Further supporting the idea that pathological stromal gene expression facilitates cancer initiation, we unraveled selectively activated expression of two distinct procancer secretory programs that differed depending on lung function as measured by FEV₁pp. Importantly, both of these secretomes increase cancer initiation in mouse models and may therefore underlie an increased risk for lung cancer initiation in humans. One of these secretomes was identified in patients with normal or mildly reduced FEV₁pp, is induced during cellular senescence, and partially depends on mTOR (47). This raises the possibility that patients with relatively preserved lung function who develop cancer have a higher frequency of senescent cells, even though we found no resemblance between the transcriptomes identified here and those associated with cellular senescence. The second secretome was identified in patients with severe airflow obstruction and was previously described as being regulated by ETS2. Yet, consistent with an alternative mechanism at the level of mRNA translation to induce this secretome, we observed no regulation of ETS2 total mRNA levels or translation (protein was not detected by MS; Figure E9). Thus, although we observe overlaps with previously described cancer-inducing secretomes, their induction cannot be directly linked to previously described signals. Nevertheless, the procancer effects of the secretomes are expected to be maintained as previously delineated (4, 7). In this respect, we demonstrated that a subset of fibroblasts—specifically, the senescence secretome constituent IL-6 and the ETS2 secretome constituent BMP1—is one source of procancer factors. However, our experiments do not exclude the possibility that other cell types contribute to the secretion of IL-6, BMP1, or other factors (indeed, some cells stained only for IL-6 or BMP1 in Figure 6).

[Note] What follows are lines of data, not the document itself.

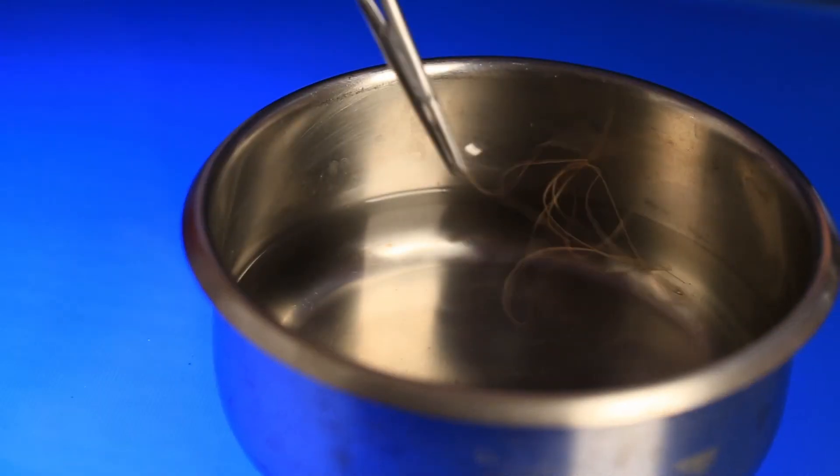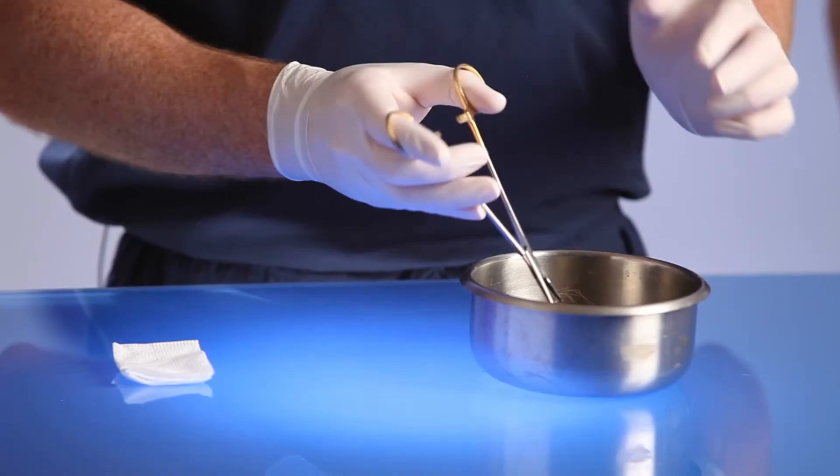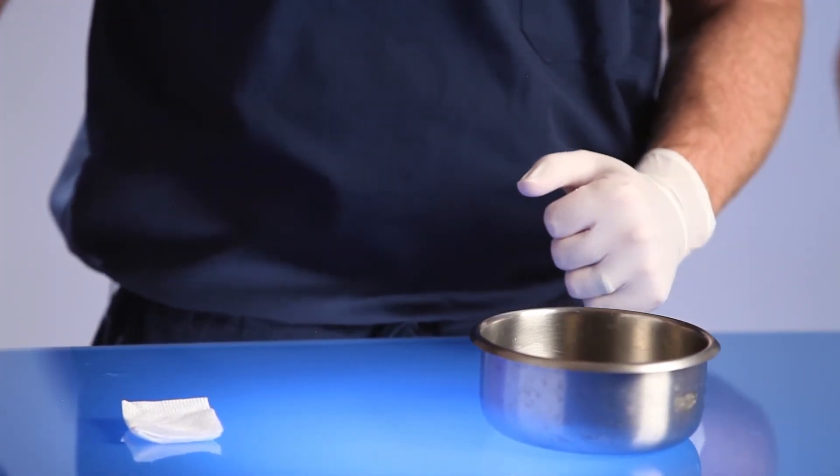You'll find that gut and chromic gut sutures get very sticky after they dry out or touch blood. Chromic gut sutures are packaged in an alcohol preservative. To keep the suture soft, you can leave it in a bowl of saline after opening it.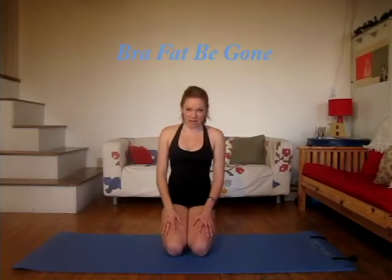Hi everyone, it's Brittany from Fine Tune Pilates. A little while ago I was asked to do a routine to target the bra fat area. So here it is — this workout is called Bra Fat Be Gone.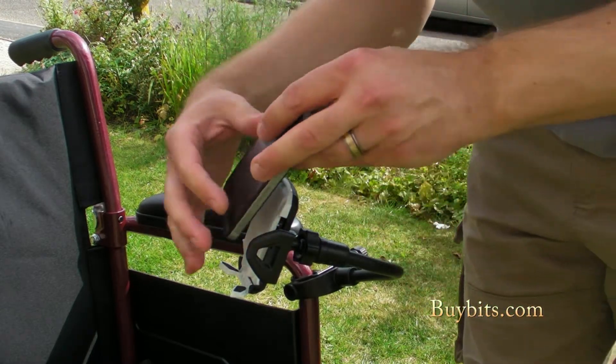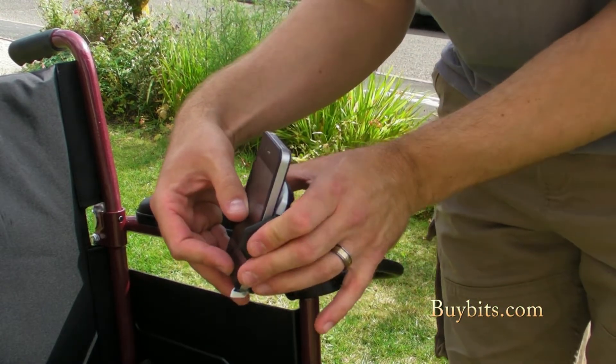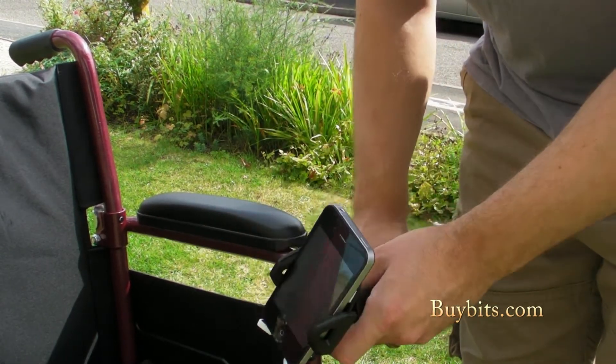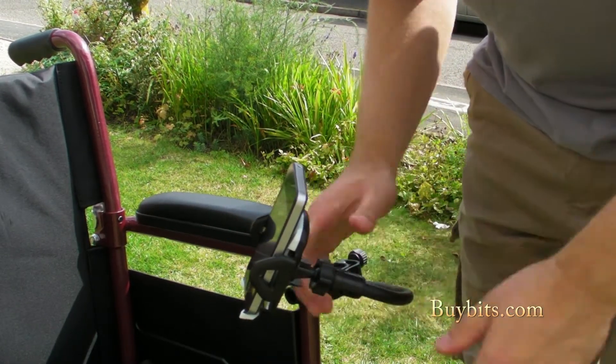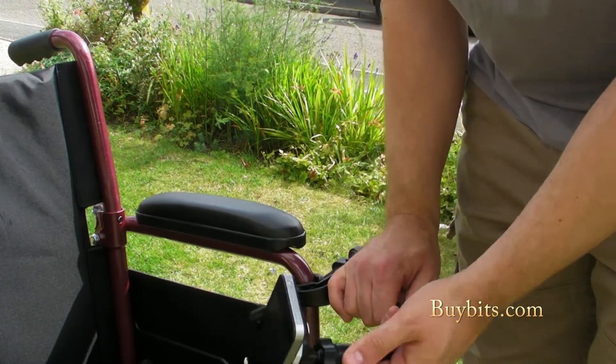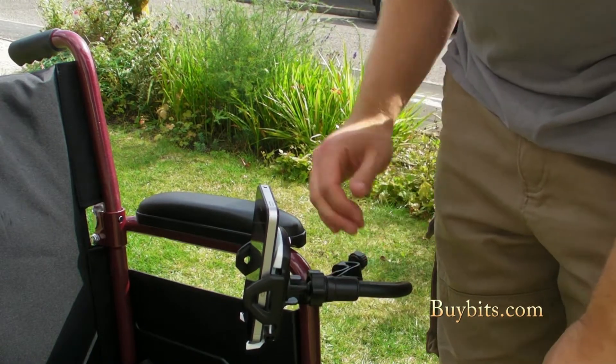My iPhone, which I'm going to slot in here. Any number of devices could fit — any sort of phone, or a sat-nav if you do a lot of miles on your wheelchair, then that's perfect. And there we are, nice and simple. You can still adjust it anywhere and it's not going to fall out — it's nice and secure.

The analysis we performed has several limitations. Although all of our subjects were current or former smokers, we could not adjust for differences in smoking, nor could we use emphysema as a parameter during analysis due to incomplete annotation of samples. Moreover, our findings were based on identification of a statistical interaction (i.e., the CFI), which could have resulted from data normalization (48). We view this as unlikely, for several reasons. We identified the CFI in proteomics data (Figure 1B) and in translation data (Figure 2D), which were normalized using different methods. In addition, we did not find a CFI using total mRNA data (Figure 2B), which were normalized similarly to the translation data. Thus, the CFI does not associate with the method for data normalization. Moreover, we validated the CFI using Western blotting (Figures 1C and 1D) and showed that proteins encoded by mRNAs with a CFI were 1) previously described as being coregulated by signals emanating from mTOR or fibrotic ECM (Figure 4B), 2) enriched for specific cellular functions (Table 2), and 3) enriched for secretomes that facilitate cancer initiation (Figure 5B). This makes it likely that the CFI represents an authentic biological finding. Another potential limitation of our work is that although the tissues obtained from patients with cancer did not directly contact the tumor, they may have been affected by factors secreted by the tumor, in which case the results would not reflect the initiation of cancer but rather how the cancer affected adjacent tissues. The fact that the identified regulation of gene expression does not overlap with secretomes from CAFs (Figure S8), but rather from cells that support cancer initiation (Figure 5B), makes it most likely that the tissues examined in our study predominantly reflect the stroma before establishment of the tumor.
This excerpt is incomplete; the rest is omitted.